Once at the private hospital (45 minute bumpy drive), the doctor on duty did not feel comfortable with operating on Jeremiah because the wounds were so deep (to the muscle in some places). So, he called in a specialist, a plastic surgeon. It was then that Kjell noticed holes in Jeremiah’s shirt. So, they cut off the shirts and saw the shoulder wounds. Also, the gouge behind the ear was the bottom of the bite and there were two holes in his head. They worst part was when Kjell had to listen to Jeremiah’s cries and pleas for the doctors to stop because it took them so long to find a vein for an IV. Up to this point, Jeremiah had not been crying or anything, except an occasional wimper.
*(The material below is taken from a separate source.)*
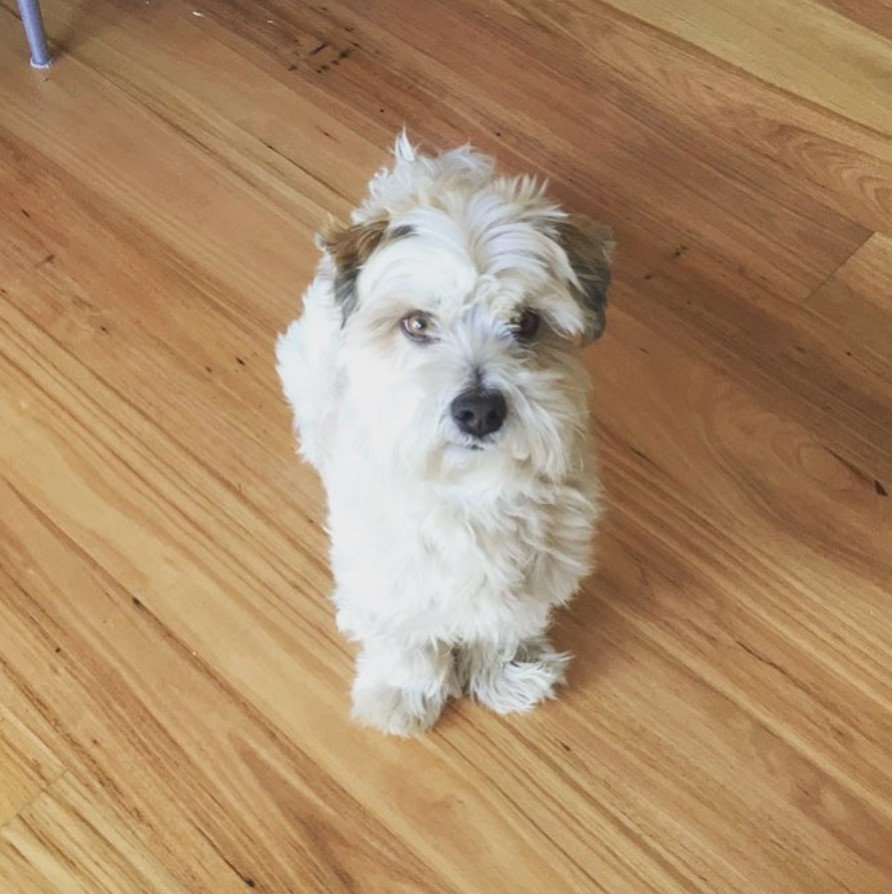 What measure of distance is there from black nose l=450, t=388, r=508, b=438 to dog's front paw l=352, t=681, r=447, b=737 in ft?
1.45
Eventually, they decided to wait for the anesthesiologist to knock him out.
When I arrived at the hospital (after having missionary friends take Mikayla and Rebekah for the night), the surgery was done and Jeremiah lay in the bed with his head completely wrapped and shoulder bandaged. We just stared at his puffy little cheeks as he slept and kept track of the timing for antibiotics and pain medication through the IV.
Unfortunately, there was a 50 hour long marathon of SpongeBob Squarepants (in Spanish) and that is what Jeremiah wanted to watch when he would wake up (he was in and out).
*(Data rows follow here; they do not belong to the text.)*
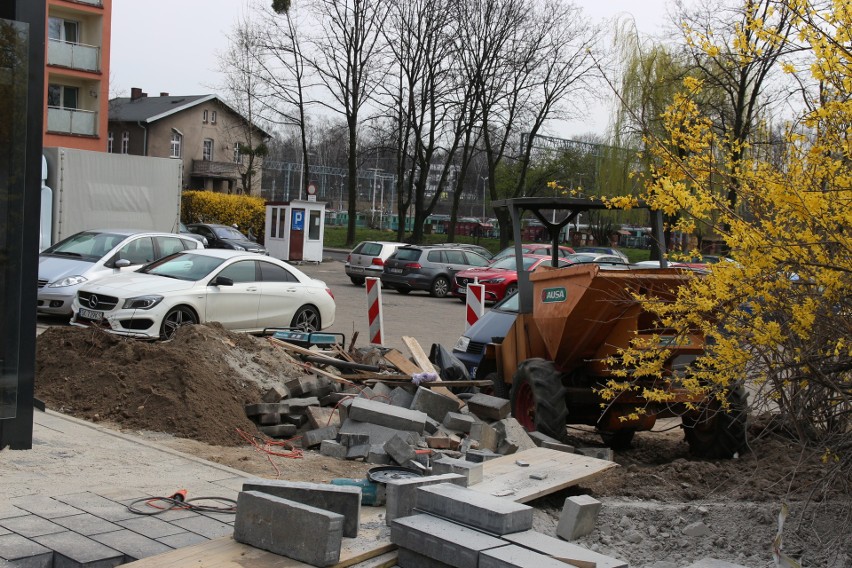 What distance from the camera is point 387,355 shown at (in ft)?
36.1

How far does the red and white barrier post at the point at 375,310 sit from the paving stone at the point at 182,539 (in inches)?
342

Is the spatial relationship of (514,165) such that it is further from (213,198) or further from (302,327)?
(302,327)

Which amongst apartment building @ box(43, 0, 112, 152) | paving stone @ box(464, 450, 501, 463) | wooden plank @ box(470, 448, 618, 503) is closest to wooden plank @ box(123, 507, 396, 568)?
wooden plank @ box(470, 448, 618, 503)

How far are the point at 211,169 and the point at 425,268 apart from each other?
45.5 meters

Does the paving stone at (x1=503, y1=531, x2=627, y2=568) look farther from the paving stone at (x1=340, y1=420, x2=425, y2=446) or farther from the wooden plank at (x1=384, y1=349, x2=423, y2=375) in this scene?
the wooden plank at (x1=384, y1=349, x2=423, y2=375)

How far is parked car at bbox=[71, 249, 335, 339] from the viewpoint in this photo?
13164 millimetres

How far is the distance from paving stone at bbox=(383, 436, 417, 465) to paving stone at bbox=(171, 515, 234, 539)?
79.1 inches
The cool part was that the nurses on that shift were Christians. And at just before midnight they came in and asked if they could pray. We started praying, sang a song, continued praying (all in Spanish), and the presence of God filled the room. We wished each other ‘Feliz Año Nuevo’ (Happy New Year) and then we tried to sleep a little. The next day (Friday, Jan 1st), Jeremiah was still not moving very much. I went back to Zambrano to get the car and the kids. By the time we returned, Jeremiah was a new kid! He was sitting up and goofing around, eating and drinking. It was great for the girls to play with him to waste time and help him to begin turning his neck, which had gotten stiff because of the discomfort.
All six of us ‘slept’ at the hospital that night and the next day (Sat Jan 2nd) the doctor came in the morning, removed the bandages and gave us the instructions for the week. Insurance companies were not open to check on how much was covered, so a deposit was left and we will have to go back Tuesday to figure out the rest. (Kjell's colleague at Discovery School has been a tremendous help with the insurance as she had taken it upon herself to mediate and help us with the hospital and the insurance company - thank God for friends!) We go back Saturday to have the stitches removed. Jeremiah is recovering well. We have medicine for him to take and cream to apply. He takes a nap when he is tired, but really plays most of the day.
Thank you to everyone for your prayer and support through this.